## Task brief
Below is a listing; retype exactly the lines between the one containing "NWT Free People" and the one containing "PAIR OF CARVED", inclusive, minus the pictures.

##### Data supplied #####

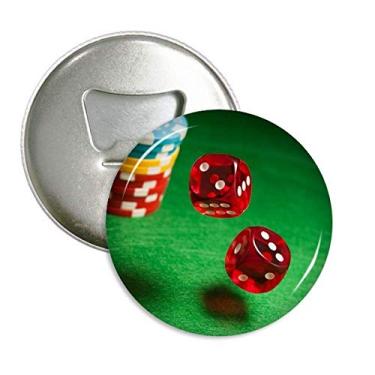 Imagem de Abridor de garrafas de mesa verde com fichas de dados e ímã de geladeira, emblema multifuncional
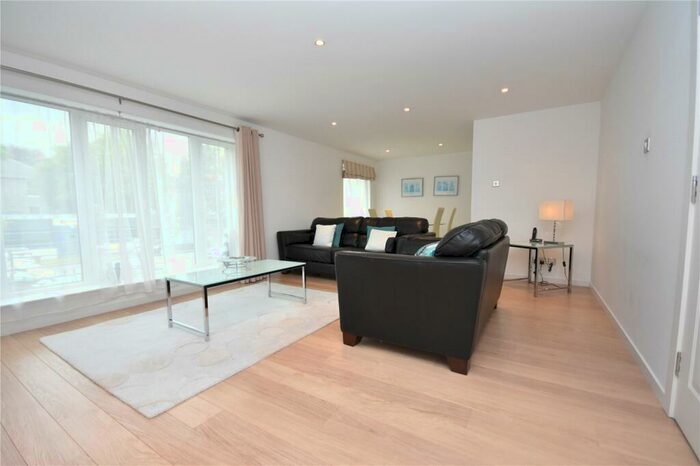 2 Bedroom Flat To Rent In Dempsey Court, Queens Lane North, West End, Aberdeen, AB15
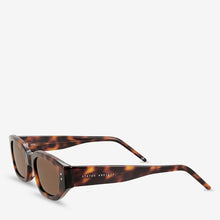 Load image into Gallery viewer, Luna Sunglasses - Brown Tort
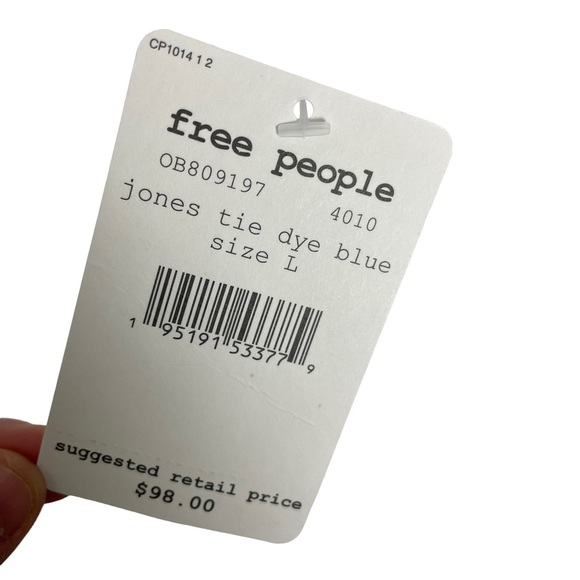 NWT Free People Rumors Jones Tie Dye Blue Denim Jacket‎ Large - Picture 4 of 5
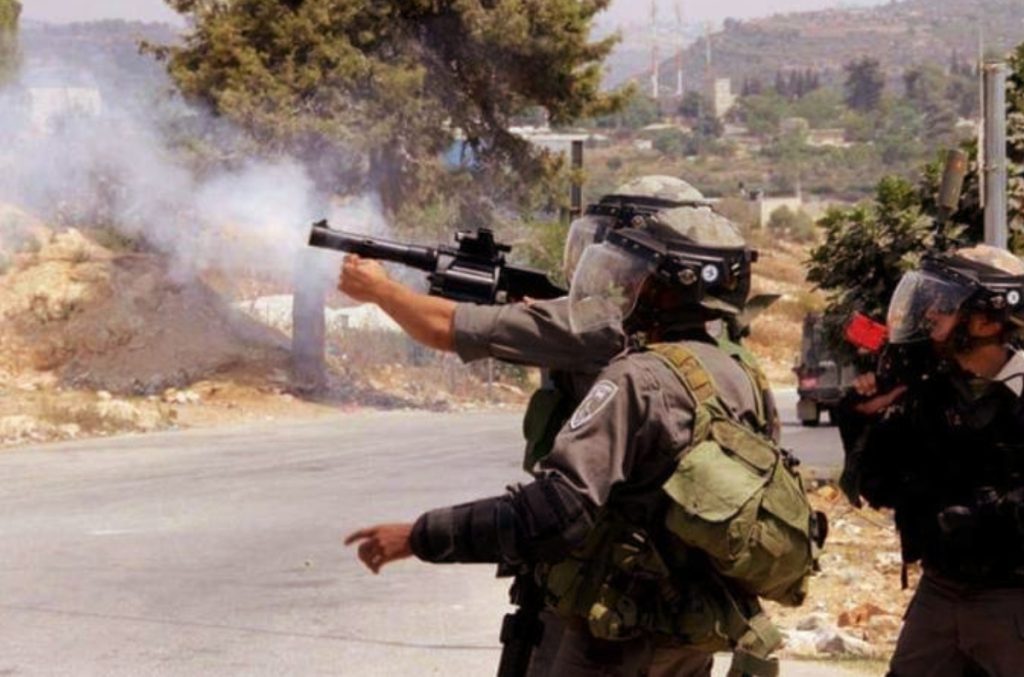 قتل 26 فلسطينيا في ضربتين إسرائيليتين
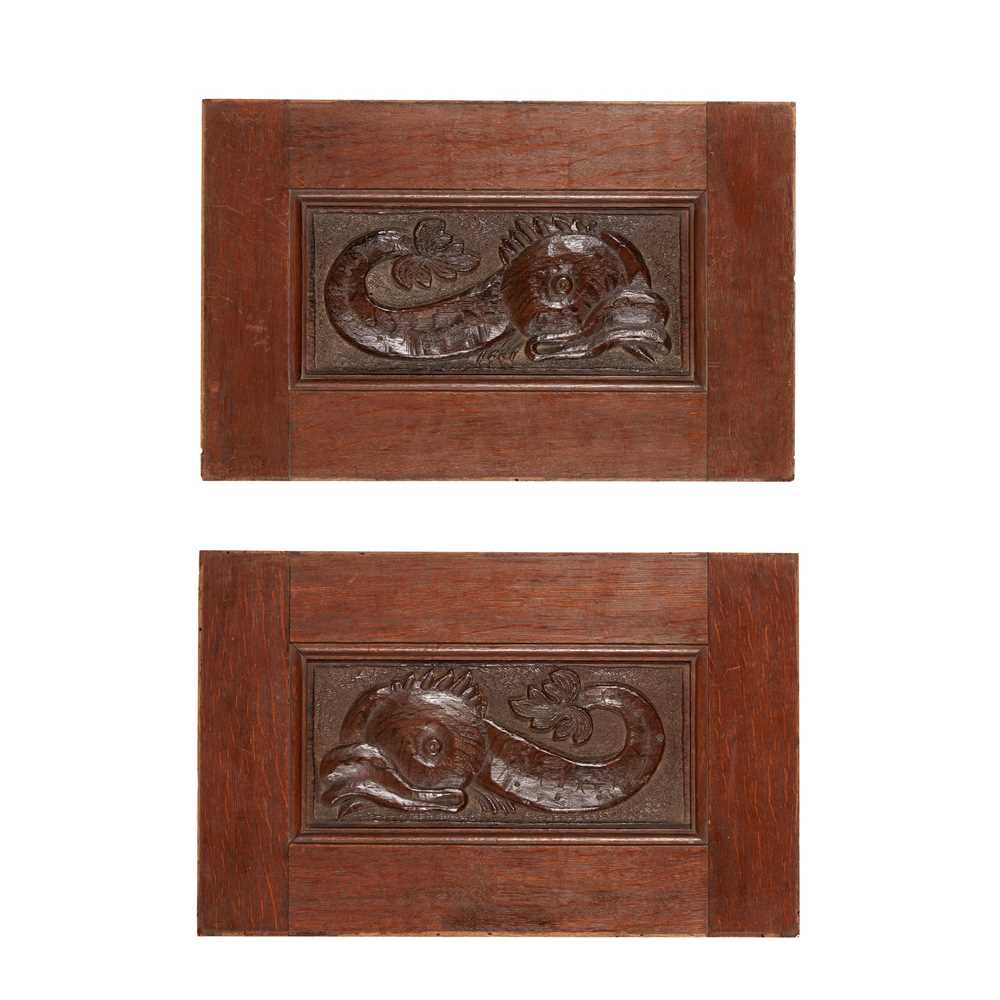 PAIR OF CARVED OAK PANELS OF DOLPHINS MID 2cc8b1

#####
##### Data supplied #####

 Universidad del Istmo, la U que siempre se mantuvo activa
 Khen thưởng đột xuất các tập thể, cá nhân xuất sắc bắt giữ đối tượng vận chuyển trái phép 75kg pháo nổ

#####

## The completed task
 NWT Free People Rumors Jones Tie Dye Blue Denim Jacket‎ Large - Picture 4 of 5
 قتل 26 فلسطينيا في ضربتين إسرائيليتين
 PAIR OF CARVED OAK PANELS OF DOLPHINS MID 2cc8b1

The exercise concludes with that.